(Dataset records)
=== Section Start ===

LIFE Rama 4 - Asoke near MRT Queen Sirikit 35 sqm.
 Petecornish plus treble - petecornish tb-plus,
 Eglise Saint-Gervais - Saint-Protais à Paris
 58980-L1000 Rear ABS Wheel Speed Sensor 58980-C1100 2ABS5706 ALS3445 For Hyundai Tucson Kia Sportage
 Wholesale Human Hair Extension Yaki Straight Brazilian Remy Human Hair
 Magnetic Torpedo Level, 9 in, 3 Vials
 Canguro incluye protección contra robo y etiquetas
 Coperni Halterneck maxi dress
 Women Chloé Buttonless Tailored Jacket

=== Section End ===

:: ACTIVITY ::
The response must contain exactly the lines from the one with "Canguro incluye protección" to the end of the entries above, both included, and nothing more.

:: RESPONSE AREA ::
 Canguro incluye protección contra robo y etiquetas
 Coperni Halterneck maxi dress
 Women Chloé Buttonless Tailored Jacket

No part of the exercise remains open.